- Requirement
Below are some records. Return exactly their lines from the one containing "Kadın Sendy Kumaş" through the one containing "Oomph Gold Tone Pearls & Kundan Hand Harness", and drop the pictures.

- Available records
※
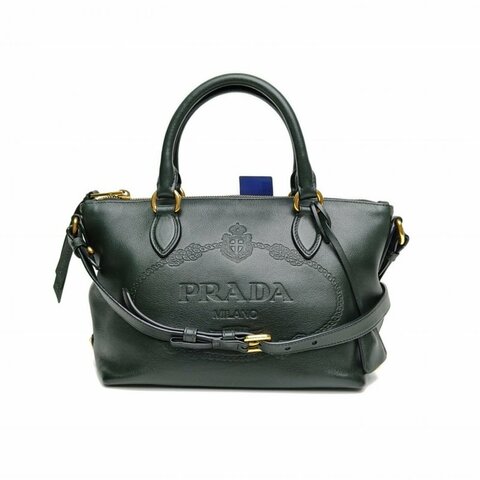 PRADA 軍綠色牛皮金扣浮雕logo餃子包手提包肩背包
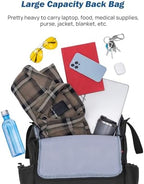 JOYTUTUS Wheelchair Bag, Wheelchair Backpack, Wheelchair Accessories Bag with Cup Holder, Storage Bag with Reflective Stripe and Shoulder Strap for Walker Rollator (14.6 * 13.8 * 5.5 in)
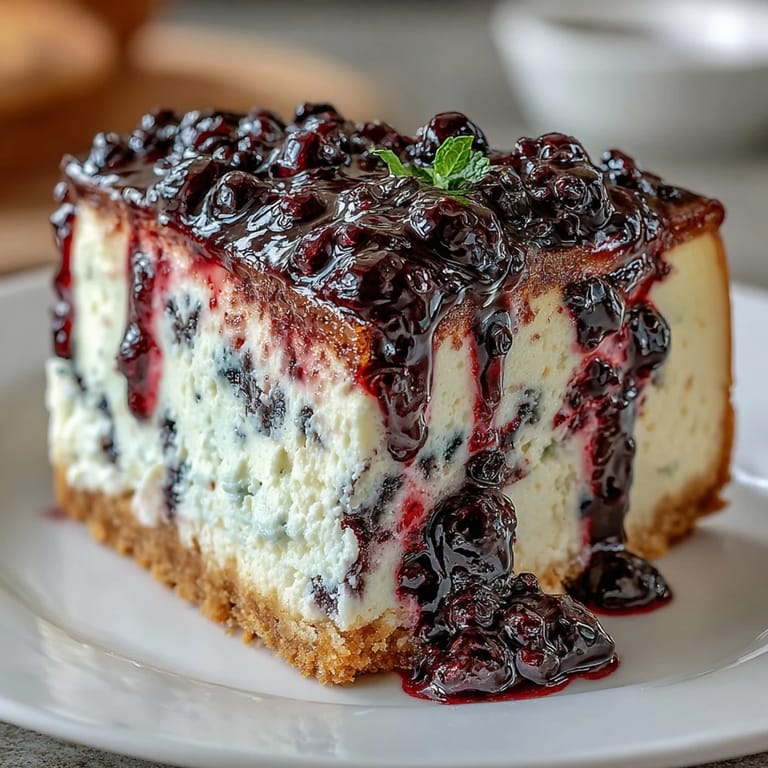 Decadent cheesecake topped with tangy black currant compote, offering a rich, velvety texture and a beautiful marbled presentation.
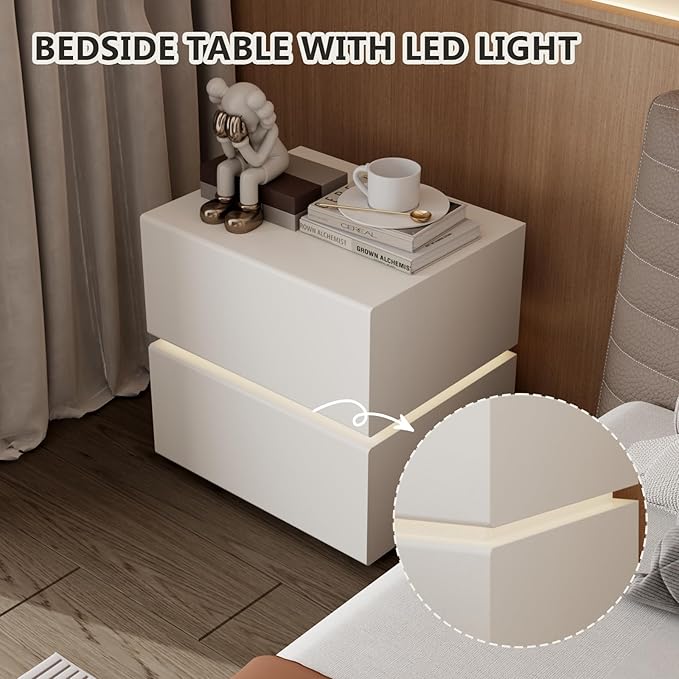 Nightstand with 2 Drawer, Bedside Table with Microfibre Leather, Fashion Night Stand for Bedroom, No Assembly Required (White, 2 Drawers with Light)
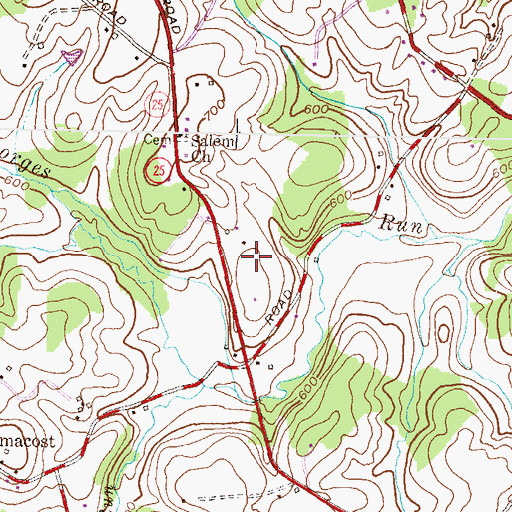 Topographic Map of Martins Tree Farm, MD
※
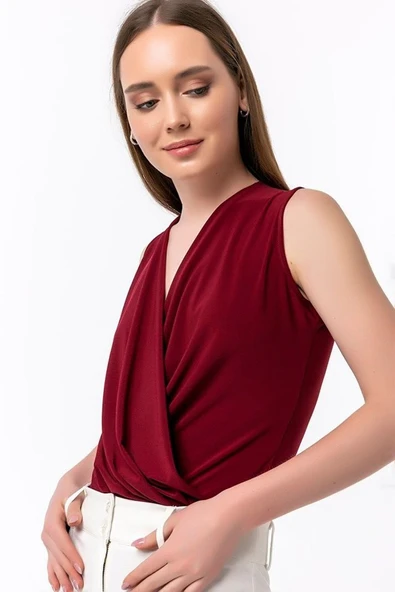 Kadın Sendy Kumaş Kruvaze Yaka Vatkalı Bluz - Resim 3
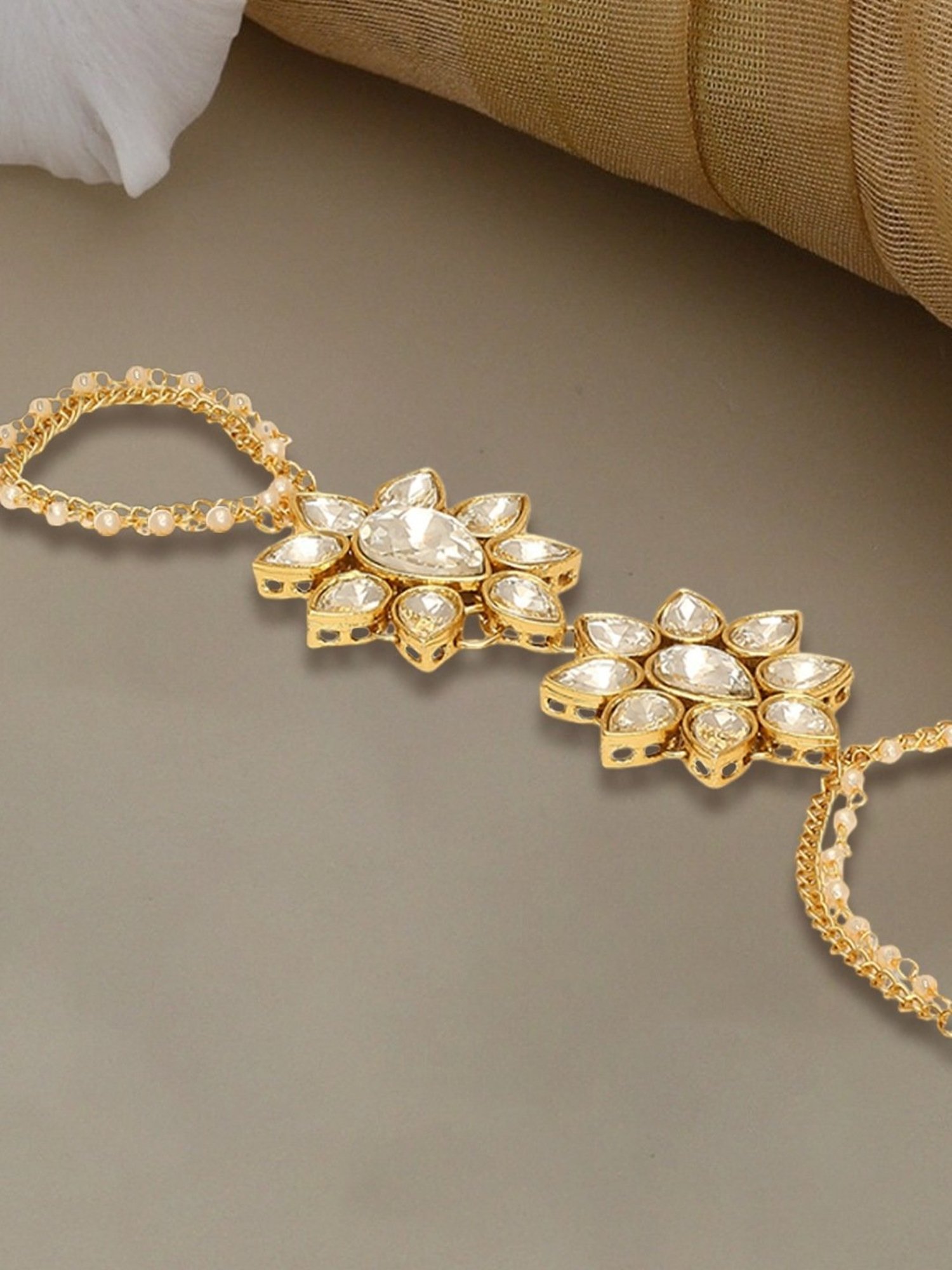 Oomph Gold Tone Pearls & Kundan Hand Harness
※
- Task result
 Kadın Sendy Kumaş Kruvaze Yaka Vatkalı Bluz - Resim 3
 Oomph Gold Tone Pearls & Kundan Hand Harness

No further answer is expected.